======== EXTRACTED RECORDS
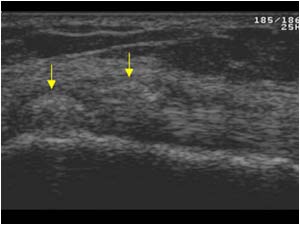 Thickened medial collateral ligament with calcifications longitudinal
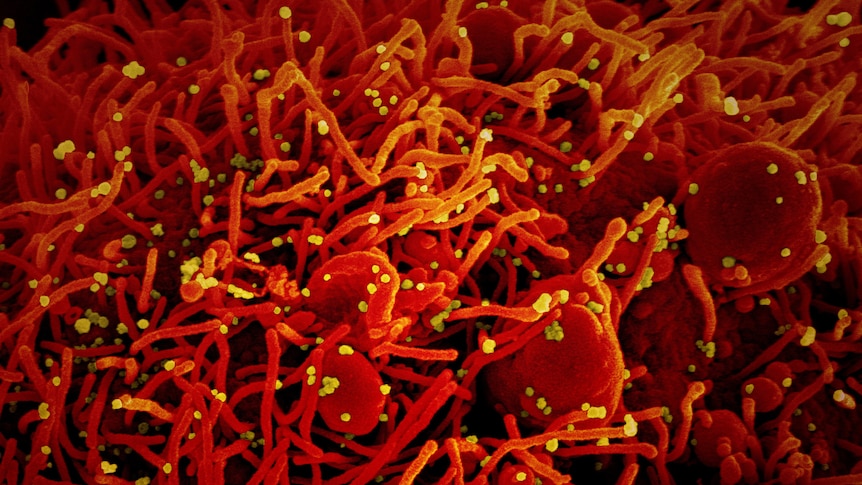 You see a bright red and yellow electron micrograph of cell strands infected by yellow dot-like particles.
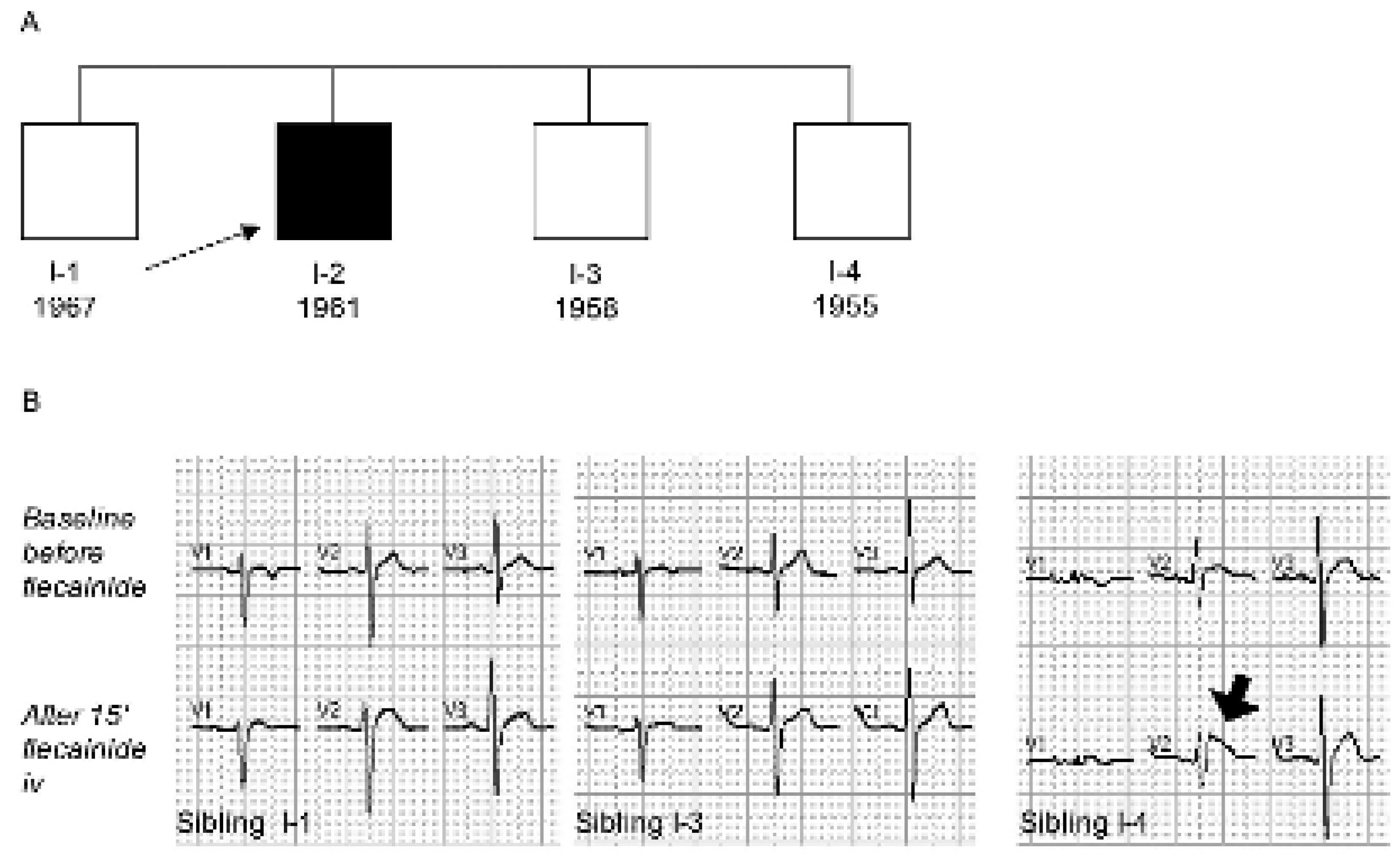 Cardiovascmed 08 00410 g002 Cardiovascmed 08 00410 g002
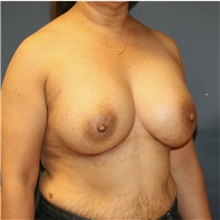 Breast Augmentation After Photo by Steve Laverson, MD, FACS; Rancho Santa Fe, CA - Case 36708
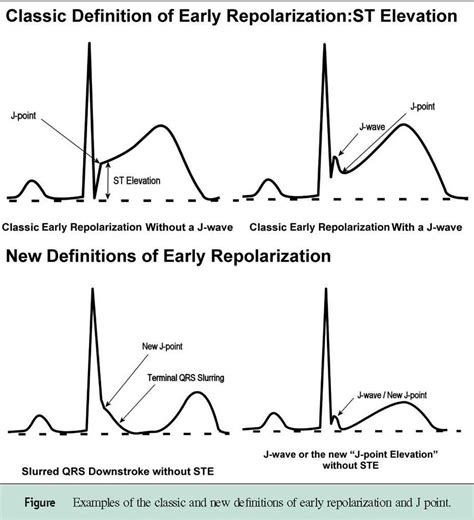 Cardiovascular Adaptations to Exercise and the Athlete EKG • truPhys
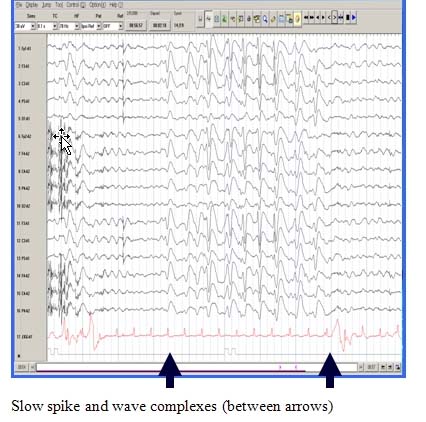 graph of EEG
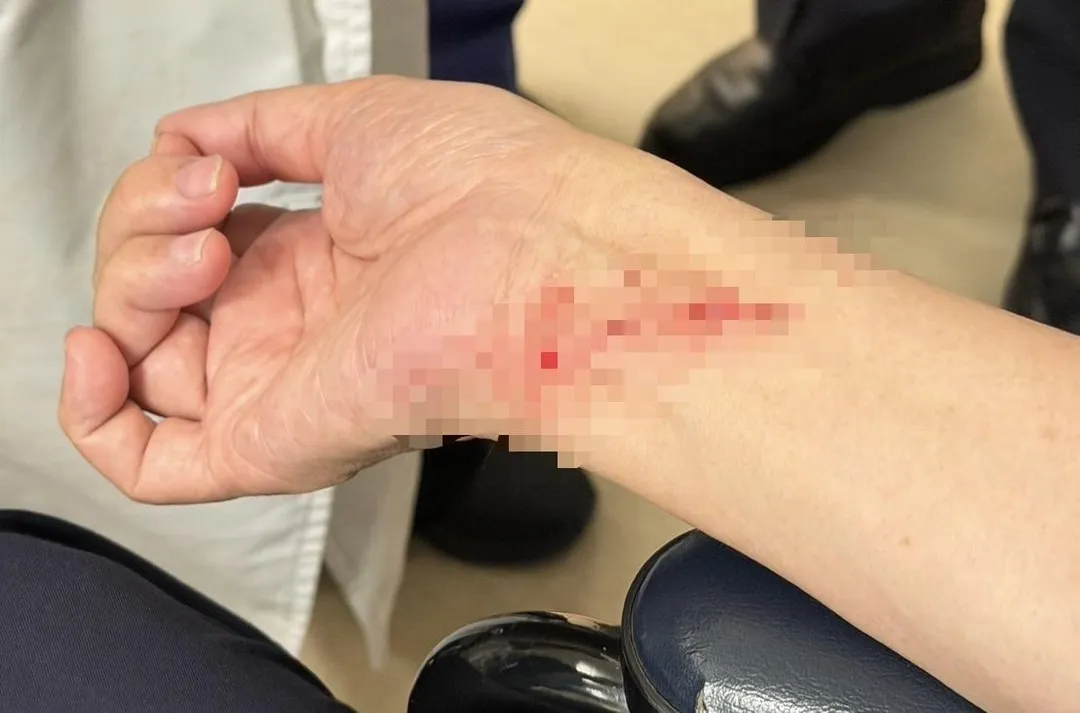 江漢聲右手腕遭砍傷。(圖/翻攝畫面)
================
● THE TASK: Begin with the line containing "Cardiovascular Adaptations to" and end with the last line of the entries above. Copy those lines exactly, both ends included, and drop every picture.

● SOLUTION TO THE EXERCISE:
 Cardiovascular Adaptations to Exercise and the Athlete EKG • truPhys
 graph of EEG
 江漢聲右手腕遭砍傷。(圖/翻攝畫面)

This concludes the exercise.